**EXERCISE INSTRUCTIONS**
I need the lines below from the one with "Kuugro Ku-55A 26650" down to the one with "Chá Mate Laranja" reproduced exactly, both ends included, and nothing else.

**DATA EXTRACTS**
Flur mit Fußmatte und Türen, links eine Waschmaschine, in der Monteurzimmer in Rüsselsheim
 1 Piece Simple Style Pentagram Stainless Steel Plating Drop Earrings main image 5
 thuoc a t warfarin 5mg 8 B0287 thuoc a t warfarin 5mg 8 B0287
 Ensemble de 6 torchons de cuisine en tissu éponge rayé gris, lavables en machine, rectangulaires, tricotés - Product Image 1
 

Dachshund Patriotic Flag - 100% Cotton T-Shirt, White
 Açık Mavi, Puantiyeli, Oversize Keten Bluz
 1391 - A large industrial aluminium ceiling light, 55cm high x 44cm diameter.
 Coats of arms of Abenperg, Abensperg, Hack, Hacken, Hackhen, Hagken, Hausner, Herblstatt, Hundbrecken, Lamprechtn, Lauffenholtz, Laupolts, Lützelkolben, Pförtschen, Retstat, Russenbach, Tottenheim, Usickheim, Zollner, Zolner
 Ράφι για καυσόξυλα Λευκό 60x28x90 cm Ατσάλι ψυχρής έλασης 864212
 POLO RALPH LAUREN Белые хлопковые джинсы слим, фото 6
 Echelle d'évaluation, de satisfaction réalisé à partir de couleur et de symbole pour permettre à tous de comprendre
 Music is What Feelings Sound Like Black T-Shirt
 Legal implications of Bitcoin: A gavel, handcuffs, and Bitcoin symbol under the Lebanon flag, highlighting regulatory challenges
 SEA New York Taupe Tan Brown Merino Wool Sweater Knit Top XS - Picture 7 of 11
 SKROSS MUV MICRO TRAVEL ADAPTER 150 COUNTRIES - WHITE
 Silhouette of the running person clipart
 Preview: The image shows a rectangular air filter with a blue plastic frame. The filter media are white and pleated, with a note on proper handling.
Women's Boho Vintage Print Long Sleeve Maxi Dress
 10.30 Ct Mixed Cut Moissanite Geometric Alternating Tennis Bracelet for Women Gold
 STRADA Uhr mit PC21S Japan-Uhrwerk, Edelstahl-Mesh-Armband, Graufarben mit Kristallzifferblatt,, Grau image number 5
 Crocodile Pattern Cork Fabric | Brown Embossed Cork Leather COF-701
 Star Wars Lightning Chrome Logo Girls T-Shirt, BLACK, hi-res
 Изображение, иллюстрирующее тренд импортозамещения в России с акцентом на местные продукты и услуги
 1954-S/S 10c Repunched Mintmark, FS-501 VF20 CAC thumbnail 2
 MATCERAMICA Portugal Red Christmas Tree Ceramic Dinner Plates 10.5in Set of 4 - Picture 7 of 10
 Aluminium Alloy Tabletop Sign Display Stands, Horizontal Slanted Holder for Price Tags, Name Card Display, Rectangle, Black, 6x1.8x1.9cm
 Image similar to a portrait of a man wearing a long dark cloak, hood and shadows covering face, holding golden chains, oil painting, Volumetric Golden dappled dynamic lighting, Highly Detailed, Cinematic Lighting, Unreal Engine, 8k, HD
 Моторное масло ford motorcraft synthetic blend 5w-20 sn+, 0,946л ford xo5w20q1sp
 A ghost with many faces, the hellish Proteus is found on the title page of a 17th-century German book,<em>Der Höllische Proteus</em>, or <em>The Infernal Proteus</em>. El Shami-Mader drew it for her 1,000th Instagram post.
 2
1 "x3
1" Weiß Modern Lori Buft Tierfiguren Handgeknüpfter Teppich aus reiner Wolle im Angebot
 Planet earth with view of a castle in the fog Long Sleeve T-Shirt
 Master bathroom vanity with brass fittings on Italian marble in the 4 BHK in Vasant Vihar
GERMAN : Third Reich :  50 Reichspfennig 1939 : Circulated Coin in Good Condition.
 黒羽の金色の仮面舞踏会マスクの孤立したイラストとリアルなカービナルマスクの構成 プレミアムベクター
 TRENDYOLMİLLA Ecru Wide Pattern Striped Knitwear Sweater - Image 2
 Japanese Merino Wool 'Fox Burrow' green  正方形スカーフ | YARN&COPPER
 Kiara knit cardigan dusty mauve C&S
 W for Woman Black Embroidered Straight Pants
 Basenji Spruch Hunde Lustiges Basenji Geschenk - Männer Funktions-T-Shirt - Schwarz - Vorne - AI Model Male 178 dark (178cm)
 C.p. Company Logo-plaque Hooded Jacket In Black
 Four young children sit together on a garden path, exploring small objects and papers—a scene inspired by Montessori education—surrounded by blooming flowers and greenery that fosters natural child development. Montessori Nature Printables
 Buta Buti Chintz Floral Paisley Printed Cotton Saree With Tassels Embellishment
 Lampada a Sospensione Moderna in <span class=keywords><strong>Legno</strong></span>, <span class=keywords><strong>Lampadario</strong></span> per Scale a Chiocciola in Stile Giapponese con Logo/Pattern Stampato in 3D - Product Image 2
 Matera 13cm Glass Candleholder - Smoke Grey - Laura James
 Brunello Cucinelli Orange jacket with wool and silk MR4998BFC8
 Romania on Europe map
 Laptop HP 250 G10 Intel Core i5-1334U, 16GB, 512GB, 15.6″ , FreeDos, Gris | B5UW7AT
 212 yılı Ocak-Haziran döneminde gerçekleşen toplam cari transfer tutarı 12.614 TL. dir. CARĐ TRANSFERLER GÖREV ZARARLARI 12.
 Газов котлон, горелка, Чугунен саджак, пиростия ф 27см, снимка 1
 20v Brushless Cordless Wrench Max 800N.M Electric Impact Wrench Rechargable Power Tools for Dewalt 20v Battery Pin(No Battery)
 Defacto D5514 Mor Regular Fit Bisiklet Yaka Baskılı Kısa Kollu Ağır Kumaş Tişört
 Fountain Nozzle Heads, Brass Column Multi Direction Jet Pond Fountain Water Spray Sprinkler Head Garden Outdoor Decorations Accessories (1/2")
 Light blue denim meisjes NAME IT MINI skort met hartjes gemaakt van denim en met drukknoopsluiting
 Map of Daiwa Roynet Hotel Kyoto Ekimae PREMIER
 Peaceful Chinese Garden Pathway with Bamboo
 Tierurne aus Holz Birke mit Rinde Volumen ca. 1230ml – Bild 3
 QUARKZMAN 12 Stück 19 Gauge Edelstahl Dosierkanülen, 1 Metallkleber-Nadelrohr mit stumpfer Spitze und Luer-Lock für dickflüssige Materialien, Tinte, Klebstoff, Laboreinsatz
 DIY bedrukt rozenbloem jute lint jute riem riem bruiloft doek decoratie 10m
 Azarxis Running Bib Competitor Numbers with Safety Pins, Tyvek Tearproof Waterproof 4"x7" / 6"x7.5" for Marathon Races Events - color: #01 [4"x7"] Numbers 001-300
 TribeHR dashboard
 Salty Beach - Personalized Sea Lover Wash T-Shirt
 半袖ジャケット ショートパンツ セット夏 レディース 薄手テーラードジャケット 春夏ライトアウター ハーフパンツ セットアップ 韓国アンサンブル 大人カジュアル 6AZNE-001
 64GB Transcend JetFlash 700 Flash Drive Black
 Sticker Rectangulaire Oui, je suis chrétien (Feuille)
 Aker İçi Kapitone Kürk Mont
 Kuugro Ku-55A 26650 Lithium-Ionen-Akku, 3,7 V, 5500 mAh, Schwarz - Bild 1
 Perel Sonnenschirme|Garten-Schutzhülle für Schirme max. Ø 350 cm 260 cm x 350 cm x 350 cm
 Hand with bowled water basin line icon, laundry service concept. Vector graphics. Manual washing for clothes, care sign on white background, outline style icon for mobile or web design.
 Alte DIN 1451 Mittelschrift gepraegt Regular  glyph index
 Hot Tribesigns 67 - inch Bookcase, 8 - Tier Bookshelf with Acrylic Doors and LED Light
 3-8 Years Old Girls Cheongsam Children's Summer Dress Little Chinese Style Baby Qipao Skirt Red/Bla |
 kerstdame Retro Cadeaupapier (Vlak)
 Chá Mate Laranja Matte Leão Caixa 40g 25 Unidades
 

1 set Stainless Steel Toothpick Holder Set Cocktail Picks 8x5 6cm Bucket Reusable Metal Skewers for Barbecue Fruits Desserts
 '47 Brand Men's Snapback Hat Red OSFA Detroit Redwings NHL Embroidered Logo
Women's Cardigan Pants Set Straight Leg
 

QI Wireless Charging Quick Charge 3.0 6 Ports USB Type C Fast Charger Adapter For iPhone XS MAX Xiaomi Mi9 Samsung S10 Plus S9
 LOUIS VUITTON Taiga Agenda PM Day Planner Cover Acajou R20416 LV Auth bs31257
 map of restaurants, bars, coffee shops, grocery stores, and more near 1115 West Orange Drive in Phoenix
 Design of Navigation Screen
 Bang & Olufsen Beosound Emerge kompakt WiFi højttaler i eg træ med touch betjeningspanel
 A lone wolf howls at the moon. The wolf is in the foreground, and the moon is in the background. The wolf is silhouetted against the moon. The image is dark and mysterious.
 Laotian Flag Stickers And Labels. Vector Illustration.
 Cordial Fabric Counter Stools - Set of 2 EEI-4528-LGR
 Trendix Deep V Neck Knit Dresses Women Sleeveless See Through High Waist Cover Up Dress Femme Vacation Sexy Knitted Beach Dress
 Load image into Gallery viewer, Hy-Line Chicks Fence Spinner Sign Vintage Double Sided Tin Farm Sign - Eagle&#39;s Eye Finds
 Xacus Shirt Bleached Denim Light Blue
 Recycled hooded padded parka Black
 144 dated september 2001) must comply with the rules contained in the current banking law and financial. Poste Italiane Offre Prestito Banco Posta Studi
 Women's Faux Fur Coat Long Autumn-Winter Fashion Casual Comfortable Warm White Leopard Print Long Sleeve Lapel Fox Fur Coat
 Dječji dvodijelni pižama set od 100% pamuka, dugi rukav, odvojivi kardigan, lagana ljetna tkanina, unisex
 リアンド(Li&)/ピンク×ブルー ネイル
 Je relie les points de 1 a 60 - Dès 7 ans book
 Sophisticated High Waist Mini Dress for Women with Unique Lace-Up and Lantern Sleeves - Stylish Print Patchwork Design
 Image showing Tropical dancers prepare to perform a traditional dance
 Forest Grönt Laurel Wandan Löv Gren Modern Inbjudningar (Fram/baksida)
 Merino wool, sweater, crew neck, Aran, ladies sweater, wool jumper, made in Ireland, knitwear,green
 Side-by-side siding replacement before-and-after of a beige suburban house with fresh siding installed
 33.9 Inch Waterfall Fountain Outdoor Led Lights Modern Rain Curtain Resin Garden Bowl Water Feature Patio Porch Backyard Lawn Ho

**ANSWER SPACE**
 Kuugro Ku-55A 26650 Lithium-Ionen-Akku, 3,7 V, 5500 mAh, Schwarz - Bild 1
 Perel Sonnenschirme|Garten-Schutzhülle für Schirme max. Ø 350 cm 260 cm x 350 cm x 350 cm
 Hand with bowled water basin line icon, laundry service concept. Vector graphics. Manual washing for clothes, care sign on white background, outline style icon for mobile or web design.
 Alte DIN 1451 Mittelschrift gepraegt Regular  glyph index
 Hot Tribesigns 67 - inch Bookcase, 8 - Tier Bookshelf with Acrylic Doors and LED Light
 3-8 Years Old Girls Cheongsam Children's Summer Dress Little Chinese Style Baby Qipao Skirt Red/Bla |
 kerstdame Retro Cadeaupapier (Vlak)
 Chá Mate Laranja Matte Leão Caixa 40g 25 Unidades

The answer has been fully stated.